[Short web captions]
[Start of section]
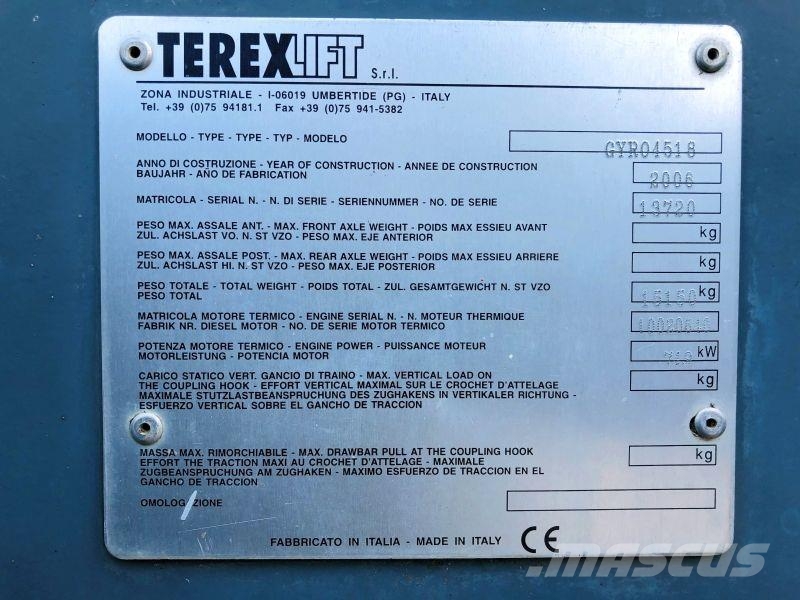 Terex Gyro 4518 Övriga motviktstruckar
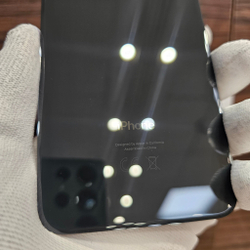 Крышка для iPhone XS Max - задняя стеклянная панель "премиум качество" (чёрного цвета)
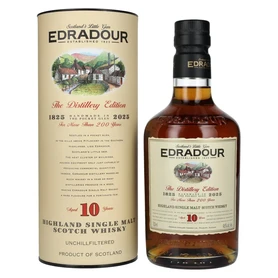 Виски шотландский Edradour 10 Years Old 200 Years Distillery Edition, 0.7 л в тубе
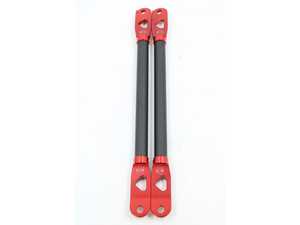 ES#4447060 - VTT-G2X-STrRED - Carbon Fiber Strut Braces - Red - Improve your handling and dress up your engine bay all at once! - Vargas Turbo Technologies - BMW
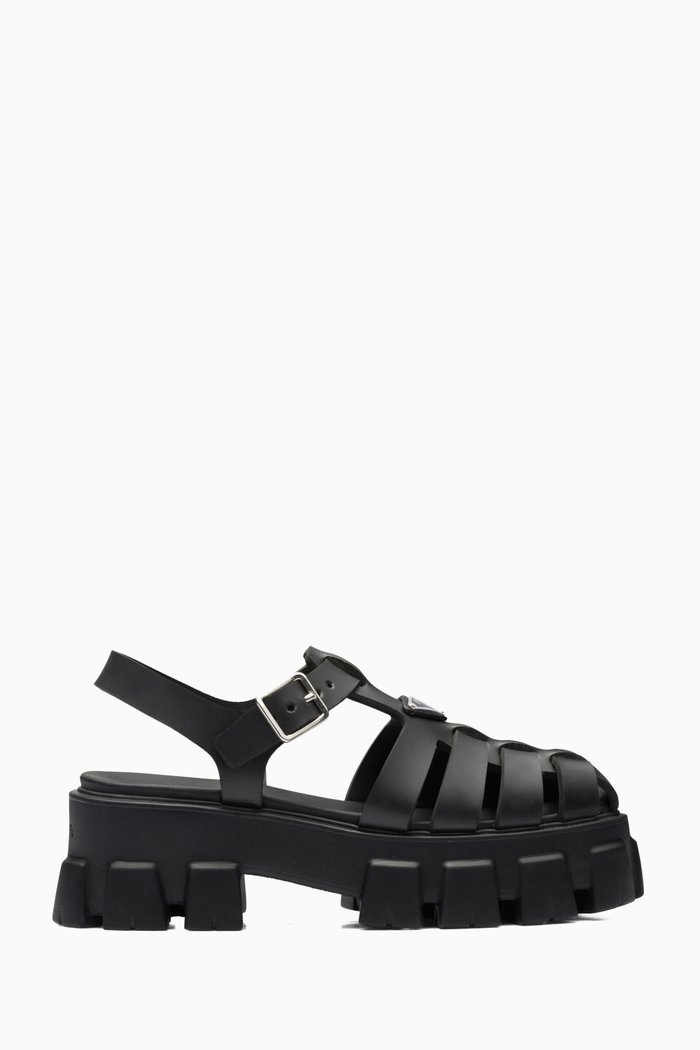 

Monolith Platform Sandals in Foam Rubber, Black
[End of section]
* [DESCRIPTION OF THE TASK]
Transcribe exactly, and only, the lines from the one with "ES#4447060 - VTT-G2X-STrRED" through the final line of the data above. The pictures stay out.

* [SOLUTION TO THE PROBLEM]
 ES#4447060 - VTT-G2X-STrRED - Carbon Fiber Strut Braces - Red - Improve your handling and dress up your engine bay all at once! - Vargas Turbo Technologies - BMW

Monolith Platform Sandals in Foam Rubber, Black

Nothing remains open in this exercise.